Призыв проходил вовсе не в стенах военкоматов, а в дворцах культуры и других общественных заведениях. Это должно было придать дополнительную торжественность и праздничность данному событию. «Кулебакский дворец культуры, где разместился призывной пункт, выглядит празднично. На стенах – портреты руководителей партии и Правительства, диаграммы, плакаты и лозунги. В лекционном зале агитаторы и пропагандисты читают лекции, проводят беседы. Призыв в Красную армию – радостная пора для молодежи. Десятки крепких, жизнерадостных сынов нашей родины ежедневно проходят призывную комиссию. И у всех одно желание – встать в ряды Красной армии, верой и правдой служить своему народу».
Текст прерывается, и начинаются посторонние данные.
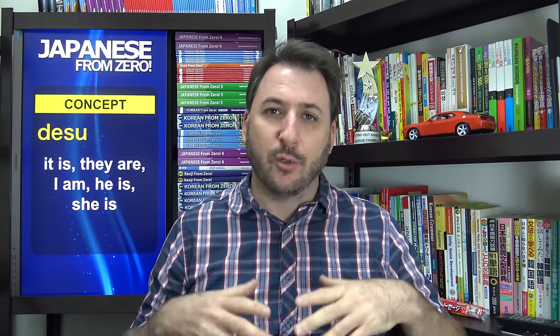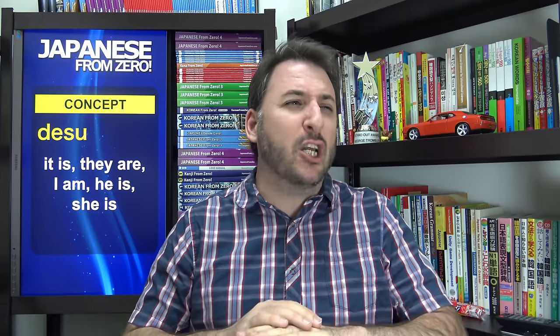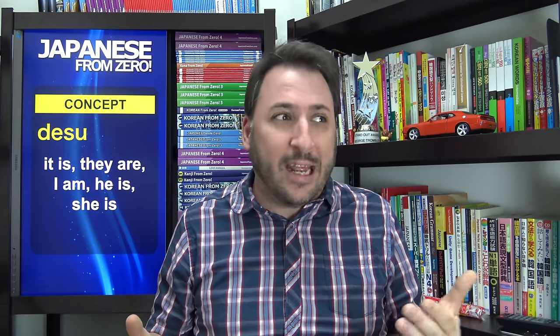Let's dig a little deeper into desu. No matter what level your Japanese reaches, you are going to use desu. I don't care if Japanese from Zero had a book 5,000 — you would still use desu. Desu is the core of the Japanese language, just like 'is,' 'am,' and 'are' — the be verb — is the core of English. It means 'it is,' 'they are,' 'I am,' 'he is,' 'she is.'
Паническое бегство из города продолжалось 17 и 18 октября. А всесильный НКВД вдруг куда-то растворился, как будто его и не было.видимо, боясь мести народа за пережитое в 1936–1938 годах. Как показывает опыт, тоталитарный режим и его карательный аппарат силен только до определенного момента, пока политическое руководство твердо держится у власти.
Рабочий одного из московских заводов вспоминал: «Немцы в Москве? Что делать? Я решил поехать к отцу и спросить у него. Мой отец работал в штабе противовоздушной обороны Северной (теперь Ярославской) железной дороги, который располагался на Каланчевке, жил на казарменном положении. И я поехал к нему на трамвае № 32, для того чтобы узнать, что надо делать. Разбитые витрины, грабежи и веселье. Я видел, как люди тащили на плечах не только мешки, но и целые окорока, видел женщин, державших сцепленные пальцы рук над головой, а на руки у них были надеты круги колбасы. Рабочий люд грабил и веселился, как будто ничего ему не грозило». Толпу подогревала полная безнаказанность и неожиданно свалившаяся на нее свобода.